Due to increasing demand, more and more manufacturers are joining the widescreen revolution. Standard TV's and computer displays utilize a 4:3 (or 1.33:1) aspect ratio – this is also the standard display type for notebook computers.
Standard 4:3 Aspect Ratio
The standard 4:3 aspect ratio has been in use by notebook computer displays for a long time and is offered in the popular screen resolutions of:
- 800 x 600 (SVGA)
Note: Resolutions higher than 1024 x 768 can only be found in displays sized 14 inches or above.
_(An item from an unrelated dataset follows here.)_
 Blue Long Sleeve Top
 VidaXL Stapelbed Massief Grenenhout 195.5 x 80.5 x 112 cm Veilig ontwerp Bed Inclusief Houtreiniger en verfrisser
Ultraportable and Thin-and-Light notebooks with displays sized under 14 inches will be unable to satisfy customers with high-resolution display requirements.
Using a 16:9 or 16:10 aspect ratio widescreen displays can generally display about 25% more content than a standard display. Manufacturers offer lots of sizes, starting from 8.9", 10.6", 11.1", 12.1", 13.3", 14", 15.4", to 17". These sizes are all very popular and even larger sizes are in the pipeline.
When used for entertainment, DVD movies in particular, a widescreen display is in its element as it shows widescreen movies in their intended 16:9 aspect ratio. This means a bigger picture, more comfort and thinner or no black bands on either side of the picture.
The widescreen display also makes it easier to edit and view panoramic images and may eliminate horizontal scrolling on your computer altogether. When editing images of normal 4:3 aspect ratio, you can simply place your GUI tools/utilities in the unused spaces on either side of an image. In any case, a widescreen display can help you increase work (and play) efficiency.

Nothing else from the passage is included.